● Brief:
Print the lines in the listing below starting at the line with "Vestuário · Matérias-Primas" and ending at the line with "704 Valencia Ave, Davis, CA 95616 photo 2", both included. Reproduce them exactly and omit every picture.

BEGIN Input records

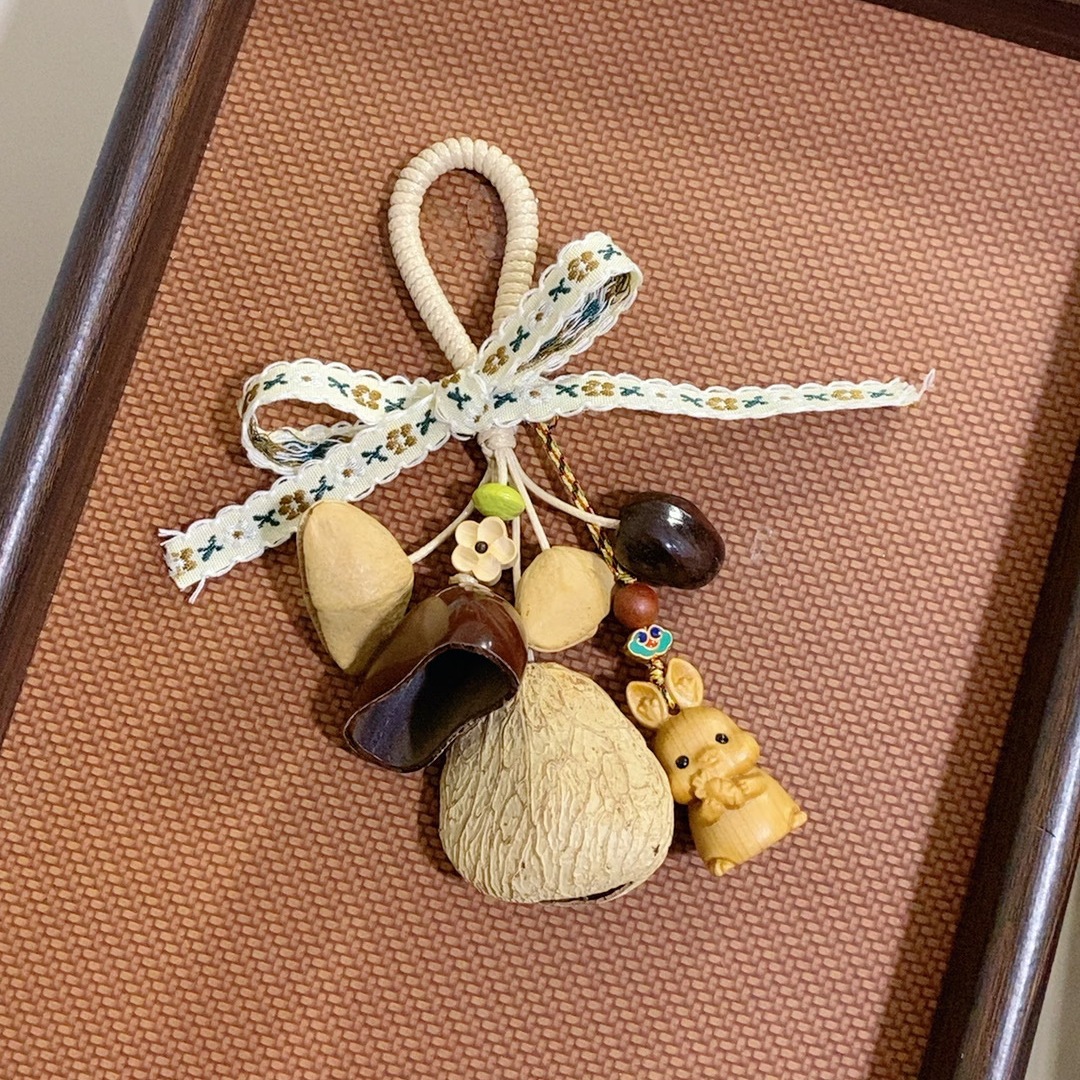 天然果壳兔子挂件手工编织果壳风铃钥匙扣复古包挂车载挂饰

END Input records
BEGIN Input records

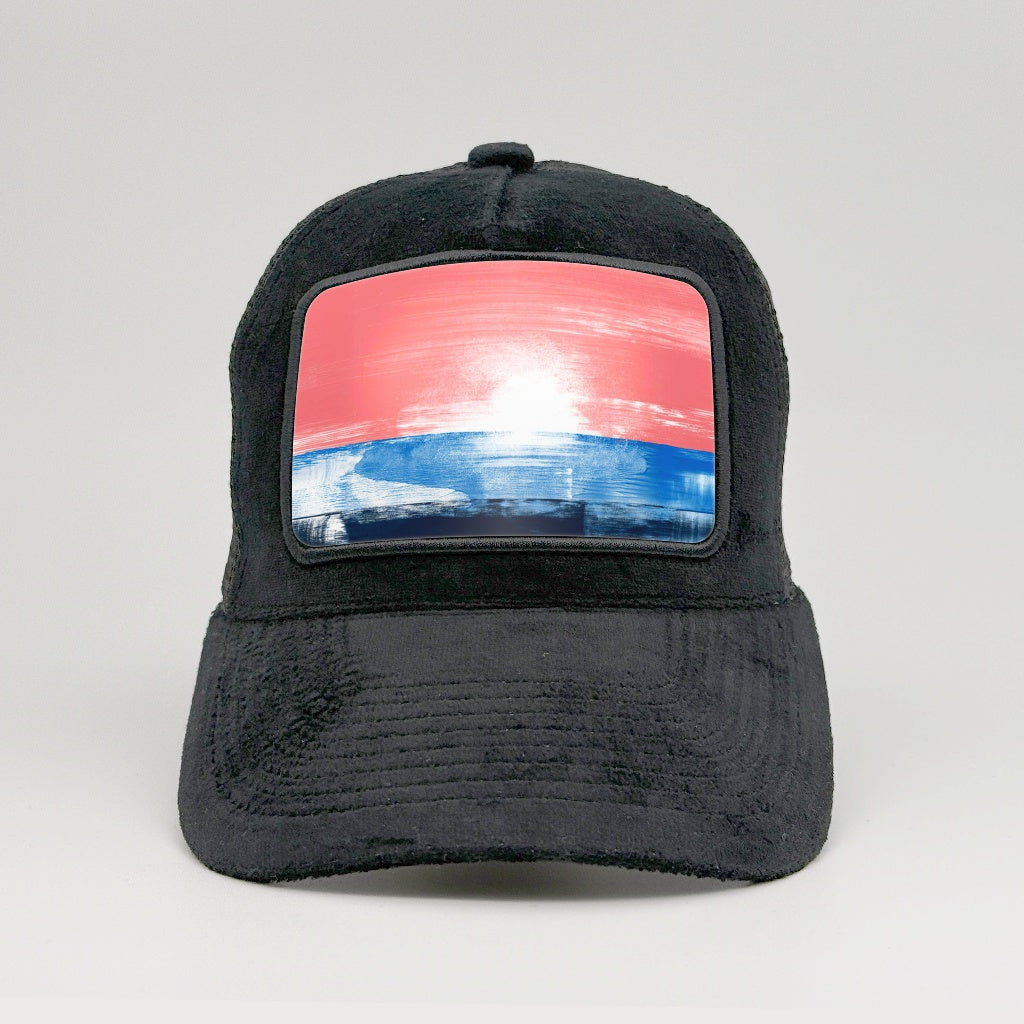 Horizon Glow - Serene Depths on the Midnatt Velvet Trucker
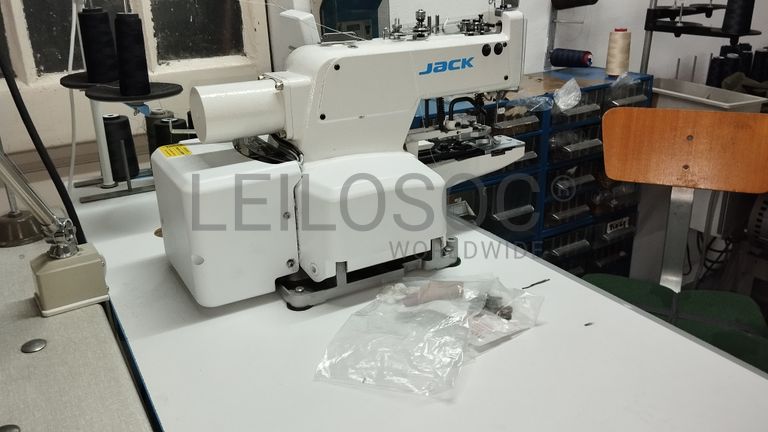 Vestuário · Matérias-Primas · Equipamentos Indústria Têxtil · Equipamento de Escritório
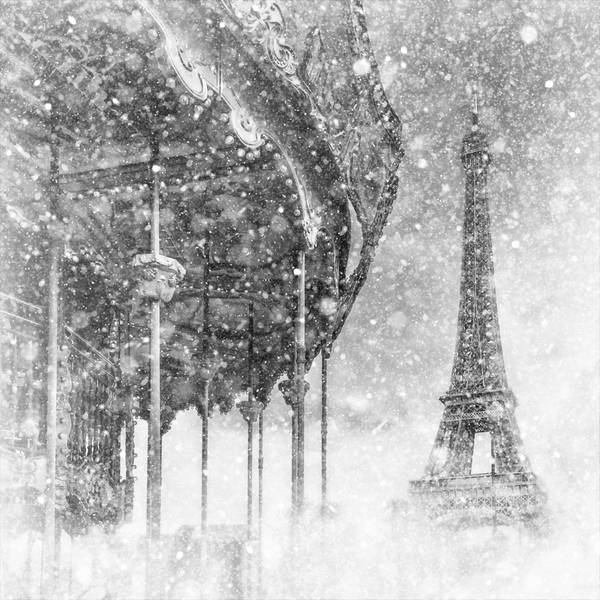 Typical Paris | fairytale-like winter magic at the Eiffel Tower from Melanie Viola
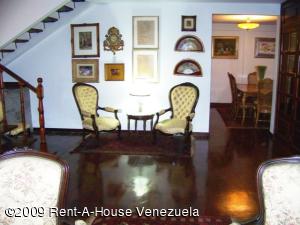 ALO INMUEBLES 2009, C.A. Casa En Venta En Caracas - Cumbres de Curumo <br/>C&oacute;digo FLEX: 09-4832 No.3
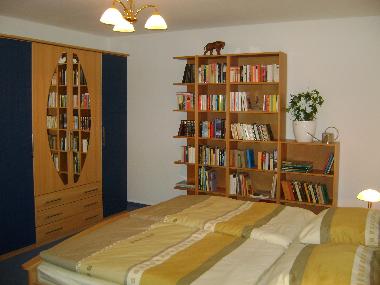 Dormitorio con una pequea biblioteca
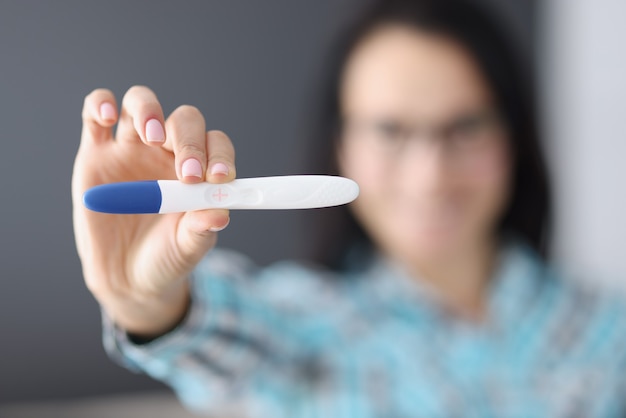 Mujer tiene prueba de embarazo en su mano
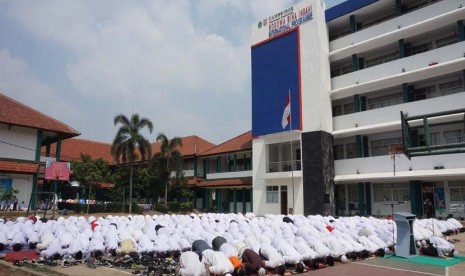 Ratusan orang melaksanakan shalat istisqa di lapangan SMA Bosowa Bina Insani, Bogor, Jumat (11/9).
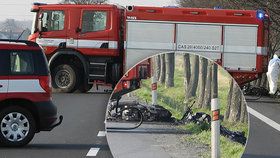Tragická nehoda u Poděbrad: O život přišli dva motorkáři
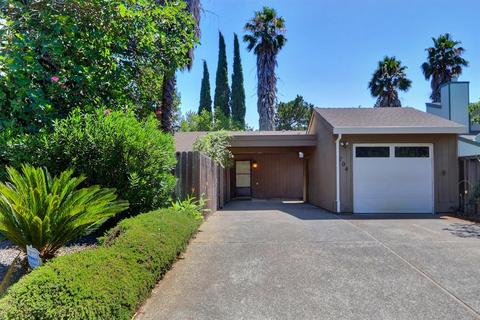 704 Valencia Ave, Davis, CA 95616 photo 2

END Input records

● Reply to the exercise:
 Vestuário · Matérias-Primas · Equipamentos Indústria Têxtil · Equipamento de Escritório
 Typical Paris | fairytale-like winter magic at the Eiffel Tower from Melanie Viola
 ALO INMUEBLES 2009, C.A. Casa En Venta En Caracas - Cumbres de Curumo <br/>C&oacute;digo FLEX: 09-4832 No.3
 Dormitorio con una pequea biblioteca
 Mujer tiene prueba de embarazo en su mano
 Ratusan orang melaksanakan shalat istisqa di lapangan SMA Bosowa Bina Insani, Bogor, Jumat (11/9).
Tragická nehoda u Poděbrad: O život přišli dva motorkáři
 704 Valencia Ave, Davis, CA 95616 photo 2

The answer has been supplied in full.